Thus $$ h^2(x) = \left( \sum_i \alpha_i \, k(x, z_i) \right)^2 = \sum_i \sum_j \alpha_i \,\alpha_j\, k(x, z_i) \, k(x, z_j) ,$$ which will be in a given RKHS as long as $k(x, z_i) \, k(x, z_j)$ is in the RKHS.

Now specialize to the class of RBF kernels $$ k_\sigma(x, z) = \exp\left( - \frac{1}{2 \sigma^2} \lVert x - z \rVert^2 \right) ,$$ and define the corresponding RKHS as $\mathcal H_\sigma$. (Note that your definition didn't have the 2 in the denominator, which is nonstandard and somewhat misleading; I'll use this one.)

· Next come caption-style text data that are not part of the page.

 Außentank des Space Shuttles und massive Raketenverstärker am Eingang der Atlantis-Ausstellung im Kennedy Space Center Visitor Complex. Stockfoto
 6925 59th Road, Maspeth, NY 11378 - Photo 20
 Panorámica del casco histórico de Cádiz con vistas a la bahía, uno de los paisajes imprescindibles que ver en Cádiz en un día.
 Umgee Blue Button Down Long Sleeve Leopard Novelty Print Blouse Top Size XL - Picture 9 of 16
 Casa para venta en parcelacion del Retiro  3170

Now, it turns out that: $$ \begin{align} k_\sigma(x, z_i) \, k_\sigma(x, z_j) &= k_{\sqrt{2}\sigma}(z_i, z_j) \, k_{\sigma/\sqrt{2}}\left(x, \frac{z_i + z_j}{2} \right) \end{align} .$$ Thus \begin{align} h^2(x) &= \sum_{ij} \underbrace{\alpha_i \alpha_j k_{\sqrt{2}\sigma}(z_i, z_j)}_{\beta_{ij}} \, k_{\sigma/\sqrt{2}}\Big(x, \underbrace{\frac{z_i + z_j}{2}}_{\zeta_{ij}} \Big) \\&= \sum_{ij} \beta_{ij} \, k_{\sigma/\sqrt{2}}(x, \zeta_{ij}) ,\end{align} and $h^2 \in \mathcal H_{\sigma/\sqrt{2}}$. In the interest of brevity, define $\tau := \sigma / \sqrt{2}$.

Now, turn to the following paper:

Tanaka, Imai, Kudo, and Miyakoshi, Theoretical analyses on a class of nested RKHS's, ICASSP 2011 (doi, author's pdf)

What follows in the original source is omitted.